# 🛠️ ETL Process Documentation - Hackathon Project

## 📌 Project: Online Retail Transaction Analysis

### 🎯 Objective
Clean, transform, and prepare the *Online Retail* dataset for analysis by removing errors, correcting inconsistencies, and structuring the data for visualisation and insights.

---

In [13]:
import pandas as pd

df = pd.read_csv(r'../data/online_retail.csv')

#### Create a Data Dictionary of the imported dataset 

In [14]:
# Custom Function to create a comprehensive data dictionary for Online Retail datasets
# Takes a DataFrame and returns a data dictionary
def create_data_dictionary(df):
    # Official descriptions from UCI ML Repository Variables Table: https://archive.ics.uci.edu/dataset/352/online+retail
    descriptions = {
        'InvoiceNo': 'Invoice number - 6-digit integral number uniquely assigned to each transaction. If starts with letter "c", indicates a cancellation',
        'StockCode': 'Product (item) code - 5-digit integral number uniquely assigned to each distinct product',
        'Description': 'Product (item) name/description',
        'Quantity': 'The quantities of each product (item) per transaction',
        'InvoiceDate': 'Invoice date and time - the day and time when each transaction was generated',
        'UnitPrice': 'Unit price - product price per unit in sterling (£)',
        'CustomerID': '5-digit integral number uniquely assigned to each customer',
        'Country': 'Country name - the name of the country where each customer resides'
    }
    
    dictionary_data = []
    for column in df.columns:
        # Get 3 sample values (non-null)
        sample_values = df[column].dropna().head(3).tolist()
        sample_str = ', '.join([str(x) for x in sample_values])
        
        dictionary_data.append({
            'Column': column,
            'Data Type': str(df[column].dtype),
            'Missing Values': df[column].isnull().sum(),
            'Missing %': round((df[column].isnull().sum() / len(df)) * 100, 2),
            'Unique Values': df[column].nunique(),
            'Sample Values': sample_str,
            'Description': descriptions.get(column, 'Custom/Engineered column - description needed')
        })
    return pd.DataFrame(dictionary_data)

# Store the dictionary in a variable
raw_data_dictionary = create_data_dictionary(df)

# Display data dictionary
raw_data_dictionary


Unnamed: 0,Column,Data Type,Missing Values,Missing %,Unique Values,Sample Values,Description
0,InvoiceNo,object,0,0.0,25900,"536365, 536365, 536365",Invoice number - 6-digit integral number uniqu...
1,StockCode,object,0,0.0,4070,"85123A, 71053, 84406B",Product (item) code - 5-digit integral number ...
2,Description,object,1454,0.27,4223,"WHITE HANGING HEART T-LIGHT HOLDER, WHITE META...",Product (item) name/description
3,Quantity,int64,0,0.0,722,"6, 6, 8",The quantities of each product (item) per tran...
4,InvoiceDate,object,0,0.0,23260,"2010-12-01 08:26:00, 2010-12-01 08:26:00, 2010...",Invoice date and time - the day and time when ...
5,UnitPrice,float64,0,0.0,1630,"2.55, 3.39, 2.75",Unit price - product price per unit in sterlin...
6,CustomerID,int64,0,0.0,4372,"17850, 17850, 17850",5-digit integral number uniquely assigned to e...
7,Country,object,0,0.0,38,"United Kingdom, United Kingdom, United Kingdom",Country name - the name of the country where e...


#### Check Invoice Column

- We have used tableau prep to quickly identify data conserns, we first noticed that InvoiceNo contains string values.
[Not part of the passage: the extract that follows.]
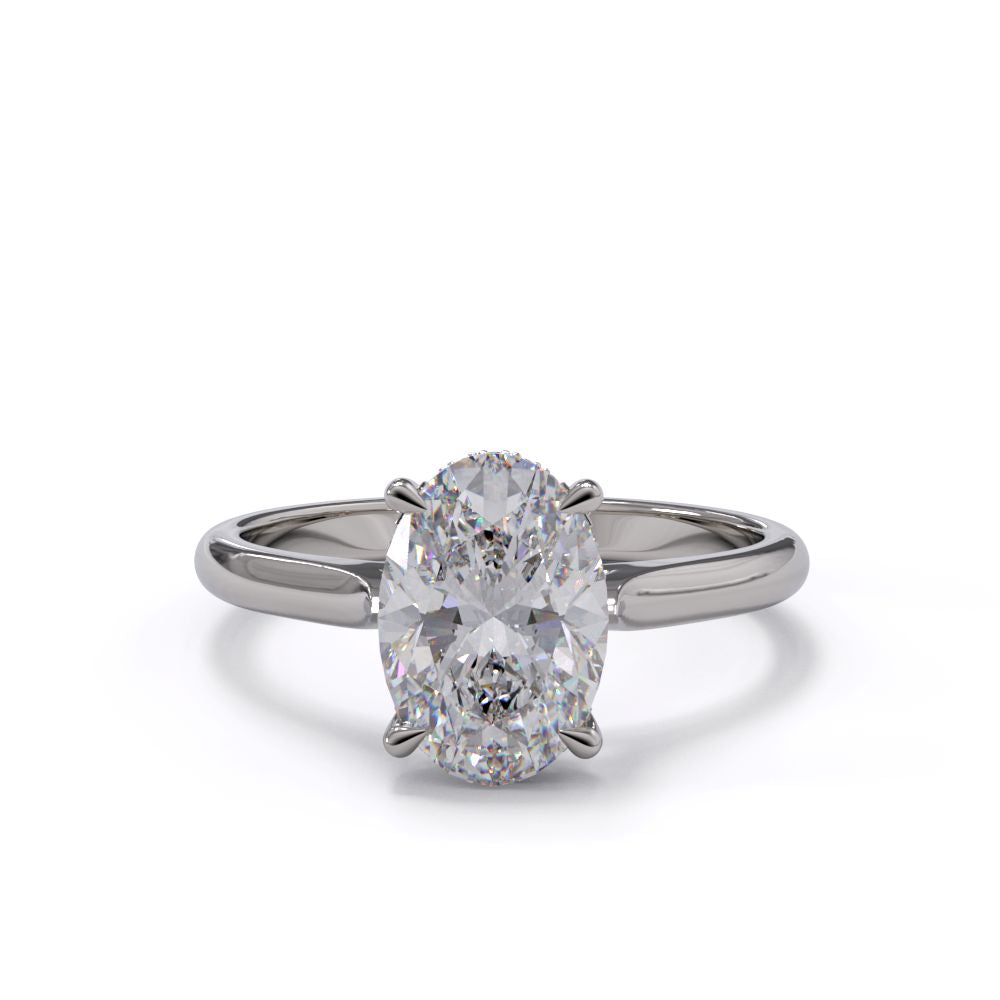 An oval solitare engagement ring with a halo of round pave diamond. Set in a platinum setting on a white gold or platinum band.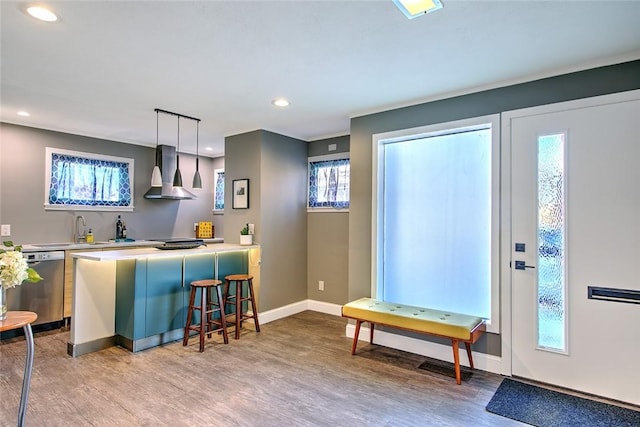 kitchen featuring pendant lighting, wall chimney range hood, wood-type flooring, sink, and stainless steel dishwasher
def analyse_invoice_column(df, column_name='InvoiceNo'):
    """
    Analyse the InvoiceNo column to identify different invoice types
    
    Parameters:
    df (pandas.DataFrame): The dataframe to analyze
    column_name (str): The name of the invoice column to analyze (default: 'InvoiceNo')
    
    Prints analysis results including counts and sample values for regular and non-standard invoices.
    """
    print(f"Invoice Column records: {len(df)}")
    
    # Check for different invoice patterns
    regular_invoices = df[df[column_name].astype(str).str.match(r'^\d{6}$')]
    non_standard_invoices = df[~df[column_name].astype(str).str.match(r'^\d{6}$')]
    
    print(f"\nRegular invoices (exactly 6 digits): {len(regular_invoices)} ({len(regular_invoices)/len(df)*100:.1f}%)")
    print(f"Non-standard invoices (not exactly 6 digits): {len(non_standard_invoices)} ({len(non_standard_invoices)/len(df)*100:.1f}%)")
    
    # Show sample invoice numbers for each type
    print("\nExpected invoice format:")
    print(regular_invoices[column_name].head(5).tolist())
    print()
    
    if len(non_standard_invoices) > 0:
        print("\nInvoices with string values:")
        print(non_standard_invoices[column_name].head(10).tolist())
        print()

# Run the analysis on the current dataset
analyse_invoice_column(df)

### Filter out rows where InvoiceNo contains 'C' (cancellations)
- Dataset research from {[link](https://archive.ics.uci.edu/dataset/352/online+retail)} shows that invoice numbers begining with C are cancellations, these are not within the scope of our user stories and will be removed from the dataset.

In [16]:
df = df[~df['InvoiceNo'].astype(str).str.contains('C', case=False, na=False)]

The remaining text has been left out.